Макс последовал за ним с письмом в руке, и, пока камердинер снимал с Уолрейфена пиджак и шейный платок, он,
– Что за необычное создание! – заметил он, закончив чтение. – Мне бы очень хотелось познакомиться с ней.
– Спокойные воды еще глубоки? – расхохотался Уолрейфен.
– О, эти воды еще не спокойные, – выразительно ответил Макс, подняв черные брови. – Они бурлят противоречивыми желаниями... и, держу пари, еще чем-то. Интересно... да, интересно – чем?
– Миссис Монтфорд всего лишь экономка, Макс, – наклонившись ближе к зеркалу, Уолрейфен расправил складки свежего шейного платка, – просто невыносимо высокомерная экономка.
– Так рассчитай ее.
– И взвалить на других ее работу? – Уолрейфен усмехнулся. – Я не могу просто так увольнять слуг, если они не совершили убийства или чего-нибудь похуже. И действительно, какое мне до нее дело?
– Большое дело, судя по тому, что я вижу по твоим глазам. – Поднявшись, Макс открыл дверь. – А я весьма сомневаюсь, что она совершит что-нибудь столь подходящее, как убийство, и таким образом освободит твою жизнь от – как ты это называешь? Благотворное невмешательство? Да, тогда ты был бы вынужден поехать домой, не так ли?
– Оставь в покое это проклятое письмо, и пойдем, – отозвался Уолрейфен, проходя мимо друга. – На улицах вокруг Уайтхолла уже, наверное, собрался народ, и нам придется проталкиваться.
– Да, и кто в этом виноват?
Предсказание Уолрейфена оправдалось, и, когда они добрались до Чаринг-Кросс, им пришлось локтями прокладывать себе дорогу в толпе.
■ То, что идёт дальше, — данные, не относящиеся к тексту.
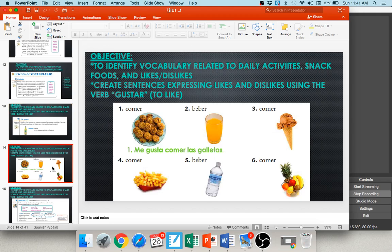In number one, you see a photo of cookies and the verb comer. I like to eat cookies, so I'll say me gusta comer las galletas. I want you to take a moment and write your own sentences describing how you feel about the items in numbers two through six. Pause your audio and click play when you're ready.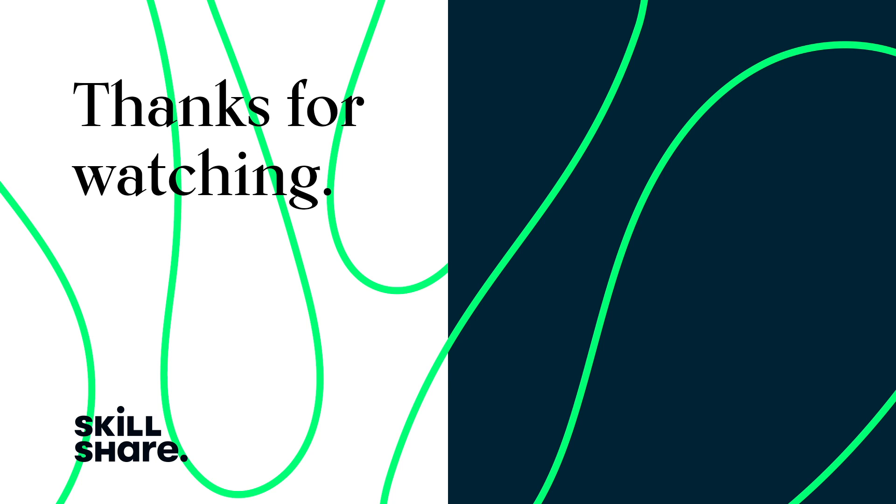Thanks for watching. If you enjoyed this video, feel free to like and subscribe to stay up to date on all of our latest videos.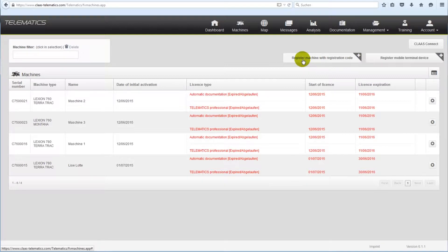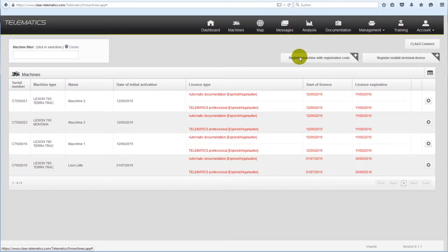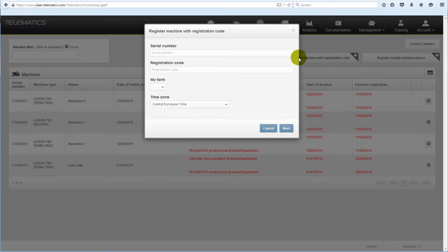Clicking the button Register Machine with Registration Code, you can finish the process entering serial number of the machine and registration code.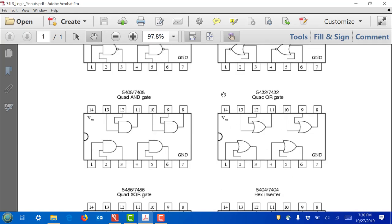The 7432 integrated circuit, viewed from the top, has a little notch or circle near pin 1. You read the pin numbers just like the timer: 1, 2, 3, 4, 5, 6, 7 on one side, then 8 through 14 on the other. Pin 14 you always connect to power supply, pin 7 you always connect to ground. For one OR gate, inputs go at pins 1 and 2, and the output comes at pin 3. No matter how many gates you use, you always have to power it up.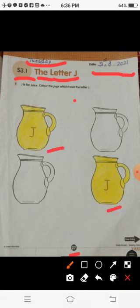Students, jin jugs per letter J written hai, vahan per aap ne color karna hai. Okay students, ma'am has already done for you.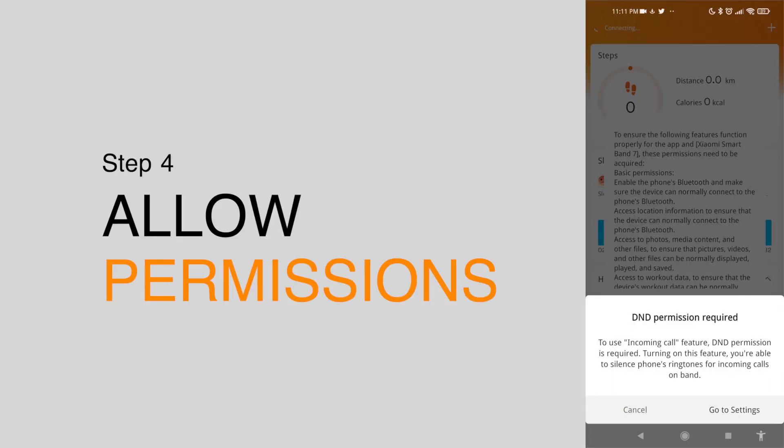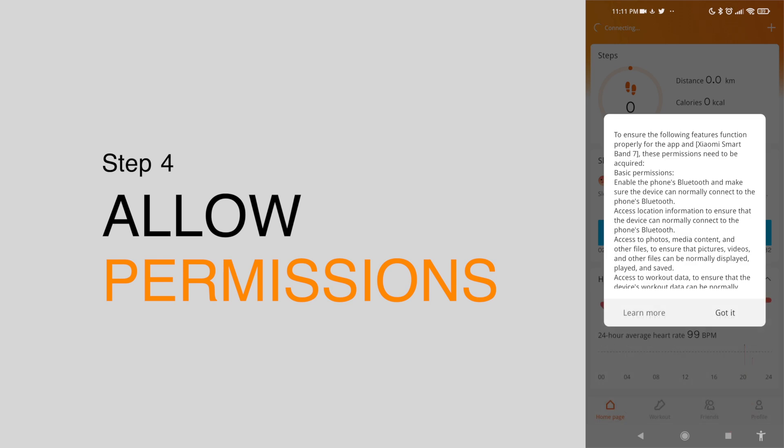Step 4. To fully utilize the features of your Mi Band 7, allow all permissions for now. You can still change this later if you want to.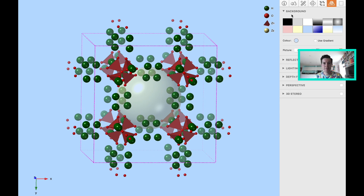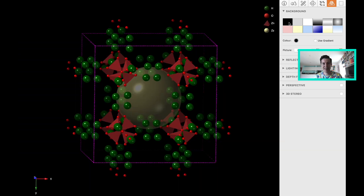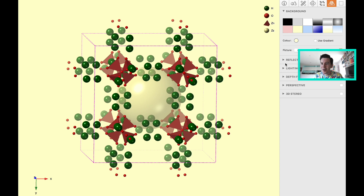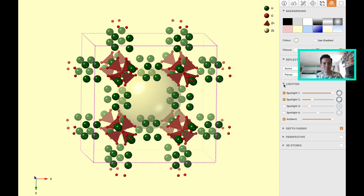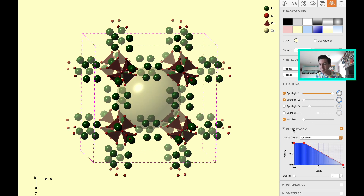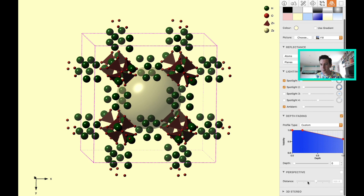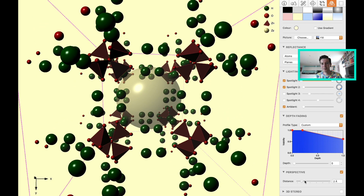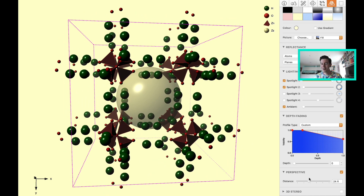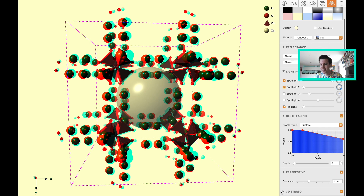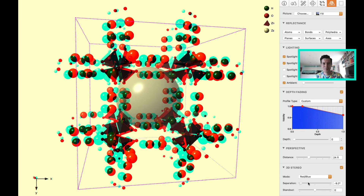The final tab is the visualization details. Maybe I want to change the background to be black, white, or yellow. You can play around with so many different features to get the optimal image depending on what you're interested in. You can have many different lighting sources from different directions, control the intensity of the light, and have depth fading so that a very large structure starts to fade towards the back. You can change from perspective views, which gives you a feeling of the 3D nature in a 2D image. And if you have 3D glasses, you can also create a 3D stereogram, which is pretty neat.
Обычный поток клерков в черных мундирах и солидных, в очках, владельцев магазинов, хлынувший из Вестминстера в поисках завтрака, был сжат экипажами до Тонкого ручейка. В коридорах конторы Макса торопливо сновали мужчины в синей полицейской униформе и в высоких фуражках; лестничные пролеты были запружены разного рода служащими, и даже несколько дам демонстрировали свои шляпки и зонтики.
Сквозь весь этот хаос, громко переговариваясь, Уолрейфен с другом, в конце концов, добрались до двери Макса, но комната оказалась занятой. Леди и джентльмен, стоя у окна, смотрели на суматоху внизу. На звук открывшейся двери леди обернулась, но Джайлз и без того знал, кто эти люди. Это была Сесилия, молодая вдова его отца, и с ней ее второй муж, Дэвид, лорд Делакорт.
– Добрый день, Сесилия, Делакорт, – поклонился Уолрейфен. – Какая неожиданность!
– Привет, Джайлз, дорогой, – ответила Сесилия. – И Макс! Мы надеялись застать вас здесь.
Подойдя к Уолрейфену, она уже подставила ему щеку для поцелуя, и он, конечно, поцеловал бы ее, как всегда это делал, но внезапно из-за юбок Сесилии выскочил маленький мальчик и бросился между ними.
– Джайлз! Джайлз! – заговорил мальчик. – Мы видели сержанта Сиска, и он разрешил мне надеть свою фуражку! Вы и лорд де Венденхайм тоже собираетесь принять участие в параде вместе с ним?
– Нет, Саймон, – у Уолрейфена стало легче на сердце, и он подхватил ребенка на руки, – но я собираюсь произнести очень скучную речь. А я бы сам хотел такой же новый мундир, как у Сиска. Мне нравятся его большие медные пуговицы.